» **Data to examine**

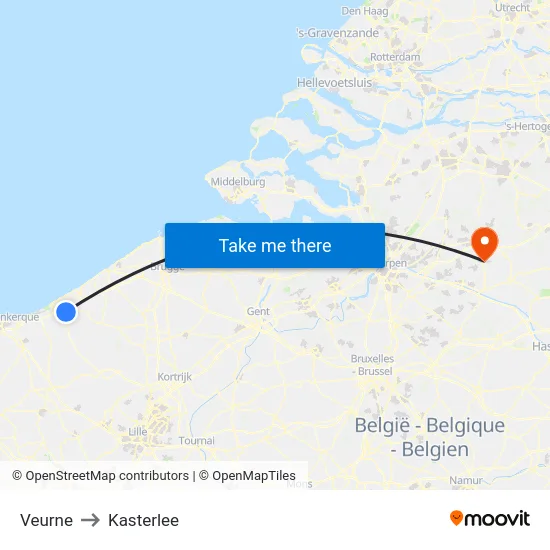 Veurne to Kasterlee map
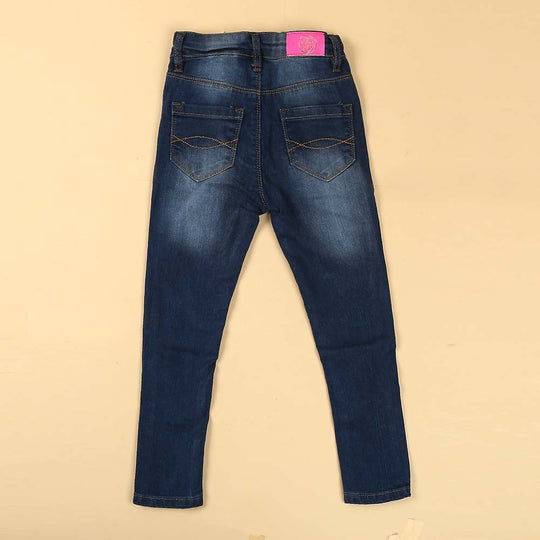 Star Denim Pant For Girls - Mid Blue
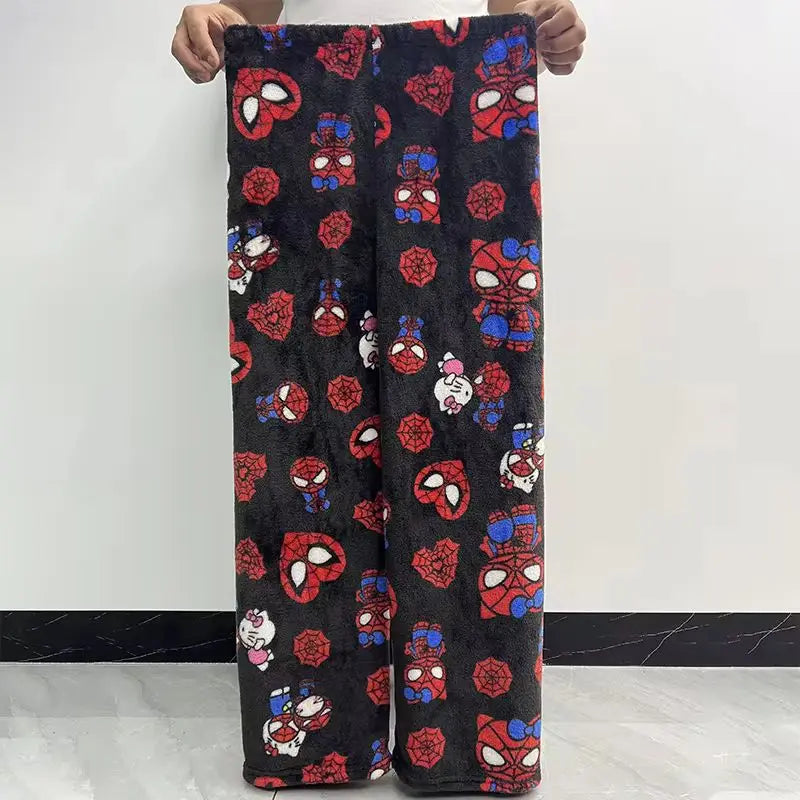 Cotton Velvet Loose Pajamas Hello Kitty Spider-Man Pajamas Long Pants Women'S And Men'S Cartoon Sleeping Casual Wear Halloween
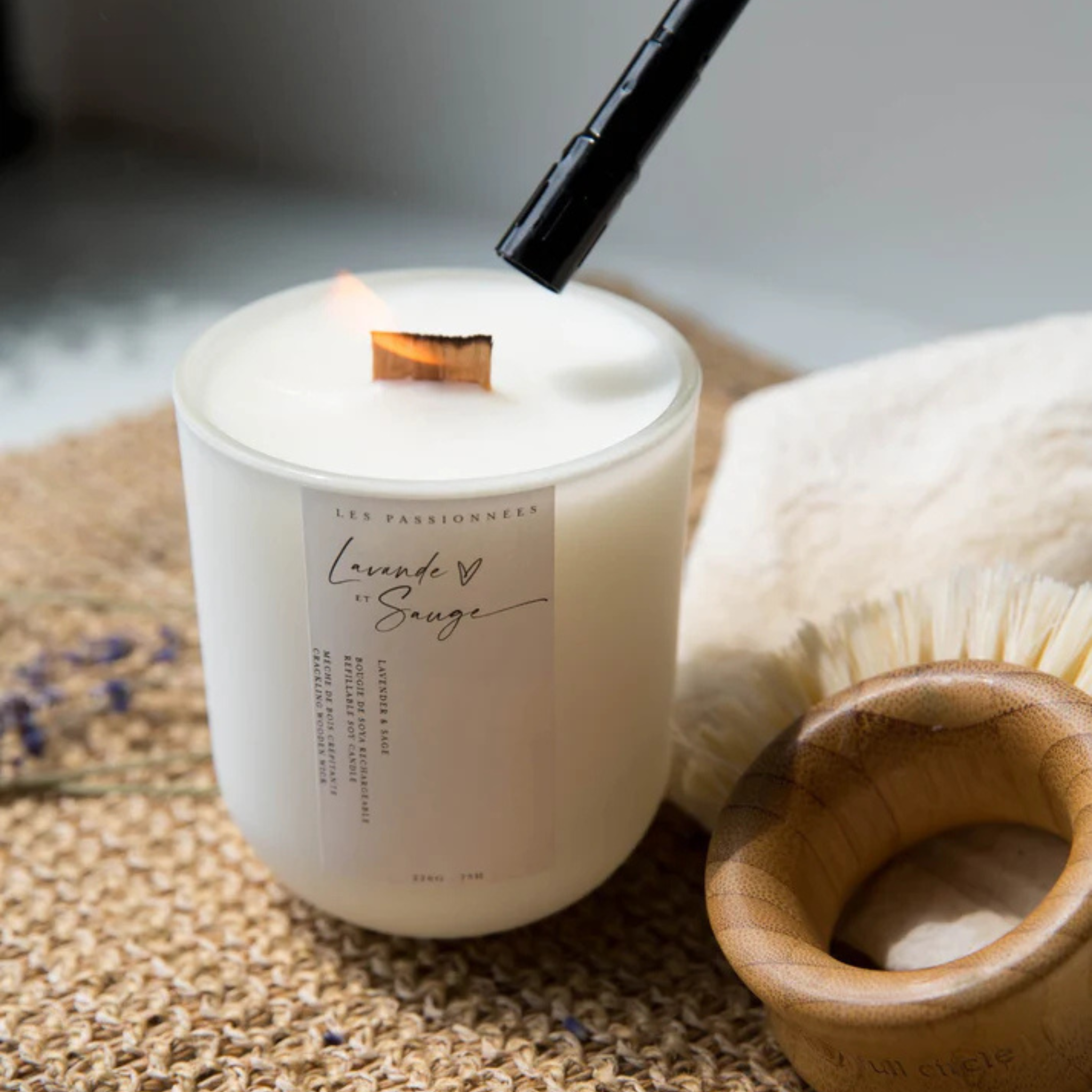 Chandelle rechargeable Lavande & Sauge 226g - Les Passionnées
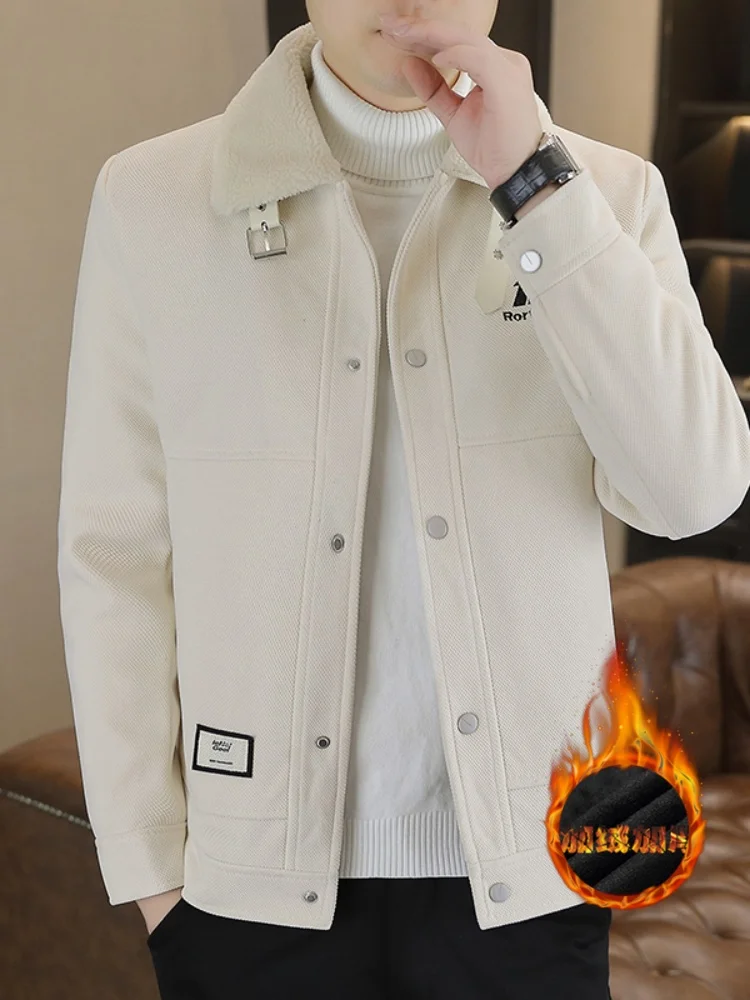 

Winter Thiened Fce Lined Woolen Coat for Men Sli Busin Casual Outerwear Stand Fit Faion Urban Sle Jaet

* * *

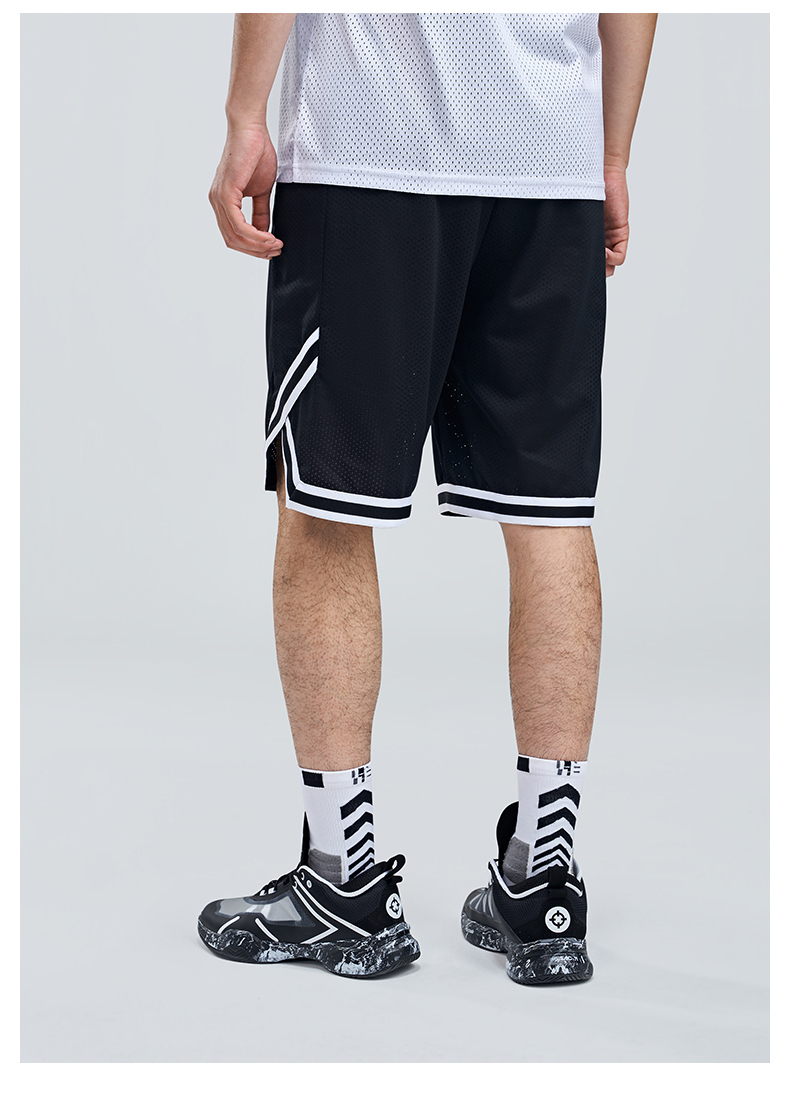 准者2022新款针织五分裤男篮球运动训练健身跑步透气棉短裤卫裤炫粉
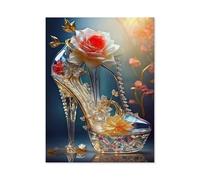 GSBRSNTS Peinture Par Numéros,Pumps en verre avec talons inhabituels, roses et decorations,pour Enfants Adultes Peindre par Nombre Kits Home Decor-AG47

» **Exercise directions**
The stretch above running from the line with "Veurne to Kasterlee map" through the line with "Winter Thiened Fce" is all you should copy, exactly, leaving out the pictures.

» **Result of the exercise**
 Veurne to Kasterlee map
 Star Denim Pant For Girls - Mid Blue
 Cotton Velvet Loose Pajamas Hello Kitty Spider-Man Pajamas Long Pants Women'S And Men'S Cartoon Sleeping Casual Wear Halloween
 Chandelle rechargeable Lavande & Sauge 226g - Les Passionnées

Winter Thiened Fce Lined Woolen Coat for Men Sli Busin Casual Outerwear Stand Fit Faion Urban Sle Jaet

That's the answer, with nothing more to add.